Read this in other languages: 中国.
In this Code Pattern, we will use Deep Learning to train an image classification model. The data comes from the art collection at the New York Metropolitan Museum of Art and the metadata from Google BigQuery. We will use the Inception model implemented in TensorFlow and we will run the training on a Kubernetes cluster. We will save the trained model and load it later to perform inference. To use the model, we provide as input a picture of a painting and the model will return the likely culture, for instance "Italian, Florence" art. The user can choose other attributes to classify the art collection, for instance author, time period, etc. Depending on the compute resources available, the user can choose the number of images to train, the number of classes to use, etc. In this Code Pattern, we will select a small set of images and a small number of classes to allow the training to complete within a reasonable amount of time. With a large dataset, the training may take days or weeks.
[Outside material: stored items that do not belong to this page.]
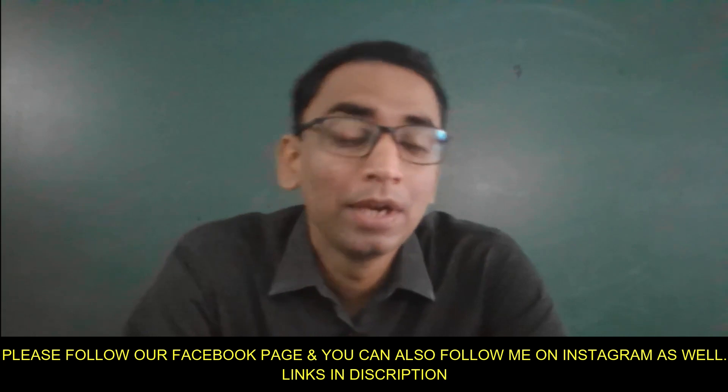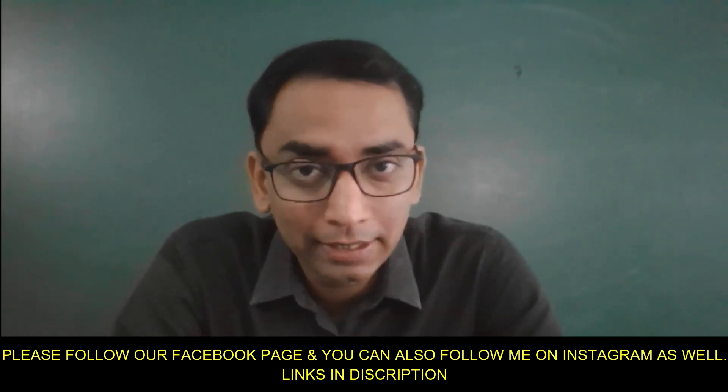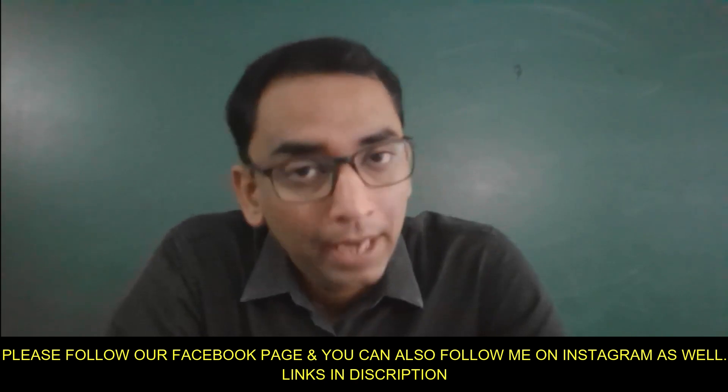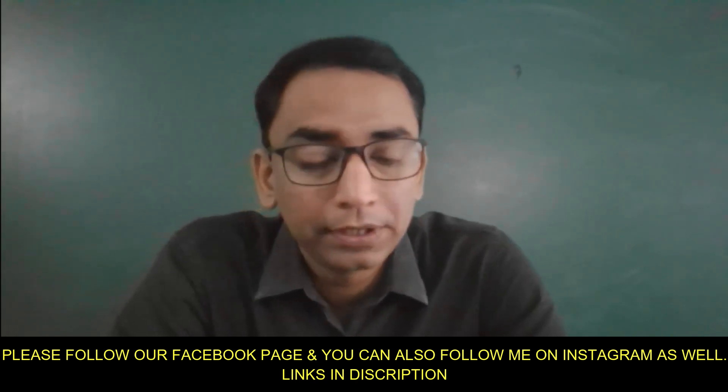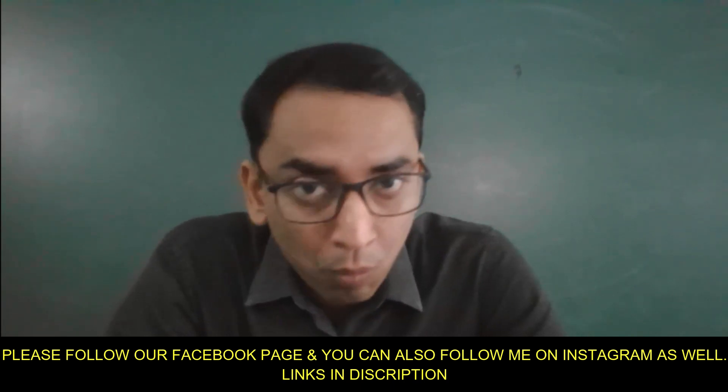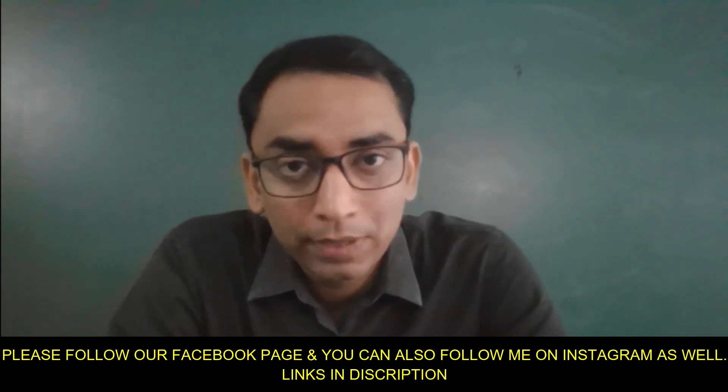Jai Hind, Vande Mataram. This is Kunal Mehta from Make Me Side Epic, and in this video we are going to conduct a chemical reaction between concentrated nitric acid, which is a strong oxidizing agent, with copper. As a result of this double displacement reaction, cupric nitrate which is blue in color is formed, water is also formed, as well as nitrogen dioxide which is reddish brown in color.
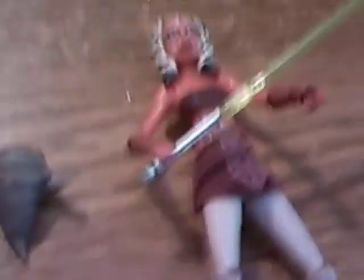Now the only movable part on Rada is his tiny little arms. So here is the main figure out of the box — Ahsoka.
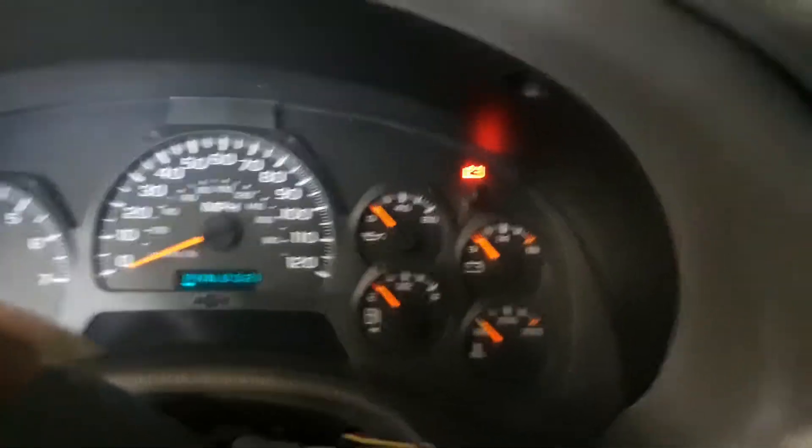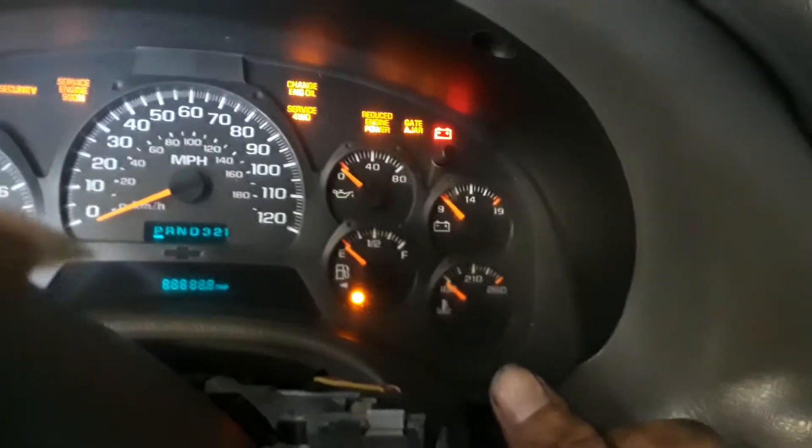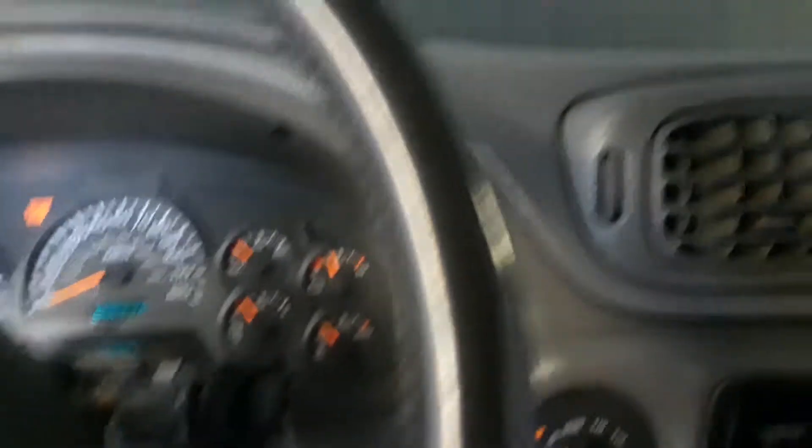Here's the final test. Before I started this job, I went to start it and it wouldn't start — that was the first problem. Now it starts. And before fixing it, when I pressed the brake pedal it wouldn't go into gear at all. Now it goes into gear — see that? Pressed the brake and it went right into gear. So the neutral safety switch replacement fixed both issues.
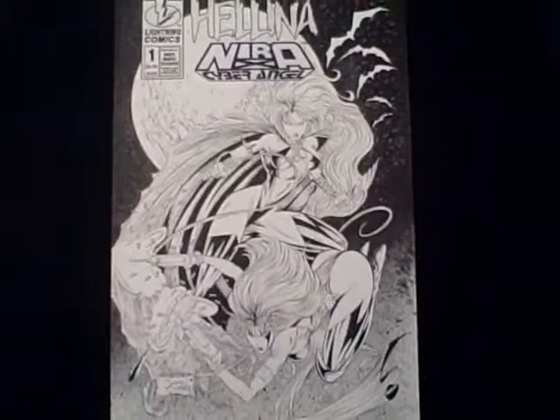This is going to be on eBay shortly. I appreciate you bidding in this auction. Thank you very much.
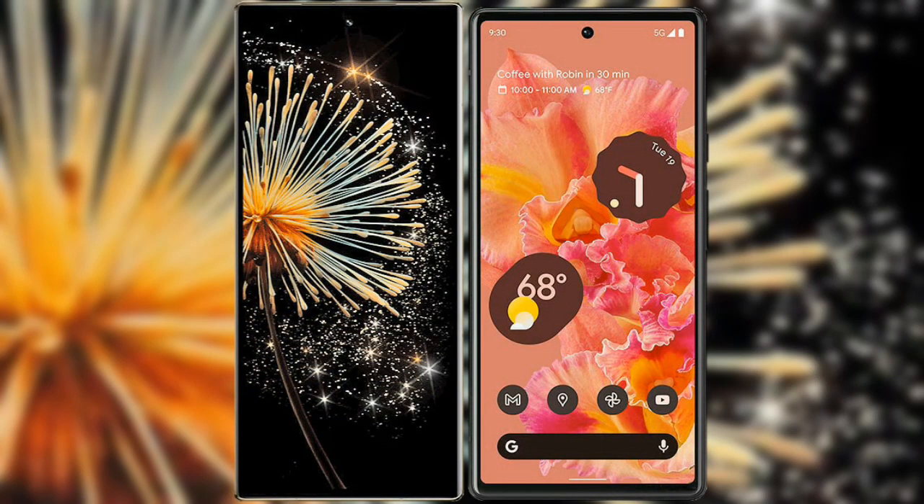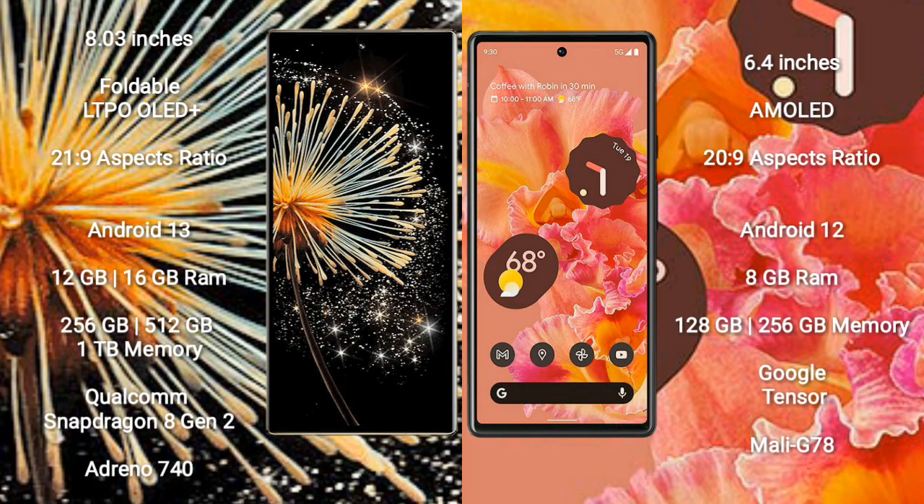I will compare the new Xiaomi Mix Fold 3 with Google Pixel 6. Xiaomi Mix Fold 3 comes with an 8-inch foldable LTPO OLED Plus display and aspect ratio 21x9. Google Pixel 6 has a 6.4-inch AMOLED display and aspect ratio 20x9.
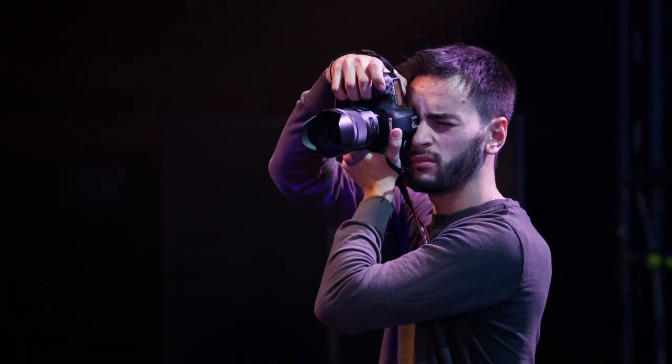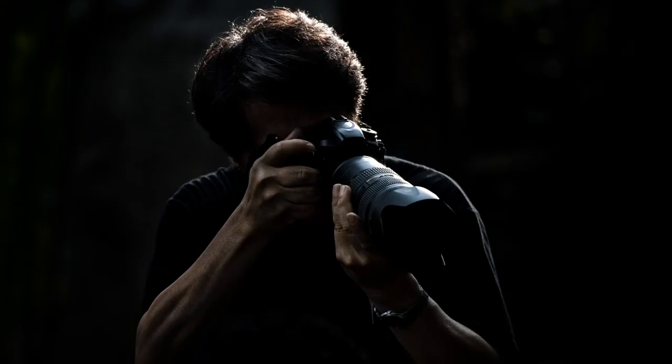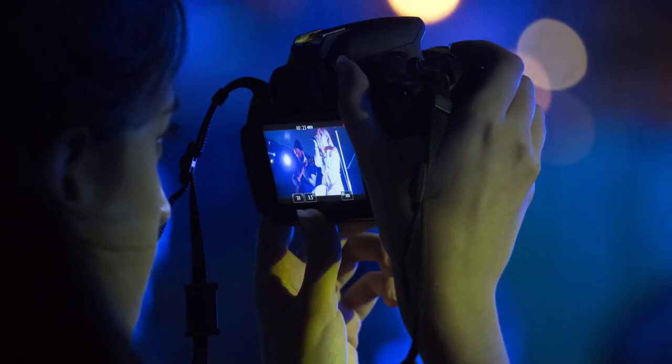We want to end up at a point where you will be able to work easily in the manual settings, almost without thinking of the adjustments that you're making — it's going to become so second nature to you. We want you to get to the point where you can make manual adjustments to the camera in the dark, because there'll be situations where you're filming in a low light situation and you need to make those adjustments without being able to see your dials.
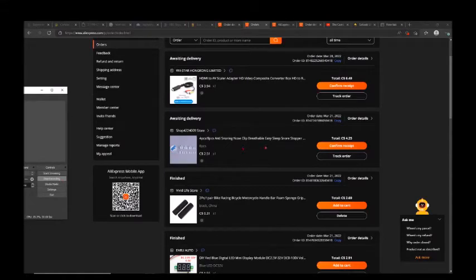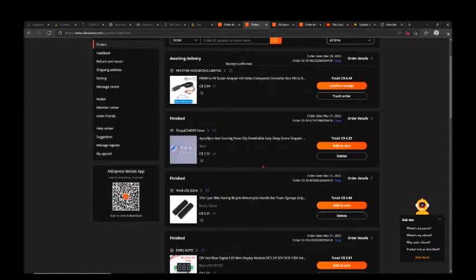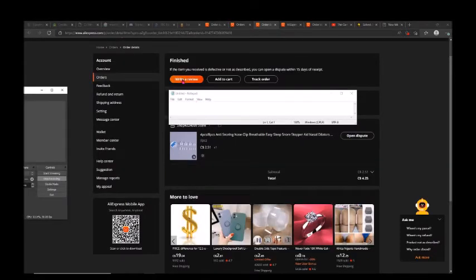AliExpress changed the review page. To leave a review, you first need to confirm receipt — click here to confirm. Then go to the right upper corner where you have a square icon. Click there to find your listing order details, and it's going to bring you to the next page where you can click to write a review.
When the reader has completed this Code Pattern, they will understand how to:
Install TensorFlow on your workstation.
Create a Kubernetes cluster by one of the following methods:
The code here is tested against Kubernetes Cluster from IBM Cloud Container Service.
Refer to the instructions to install the client on your laptop to interact with Google BigQuery:
$ pip install --upgrade google-cloud-bigquery
Install the Google Cloud SDK on your laptop.
For example, on the Mac, download and unzip
Run the command:
$ ./google-cloud-sdk/bin/gcloud init
This will start the browser and request you to log into your gmail account and ask you to choose a project in Google cloud. Note the project id in this step so you can use it in the query script later.
Authenticate for the client on your laptop by this command:
$ ./google-cloud-sdk/bin/gcloud auth application-default login
Your laptop should be ready to interface with Google BigQuery.
A labeled dataset is the first requirement for training a model. Collecting the data and associating label to the data typically requires a lot of resources and effort.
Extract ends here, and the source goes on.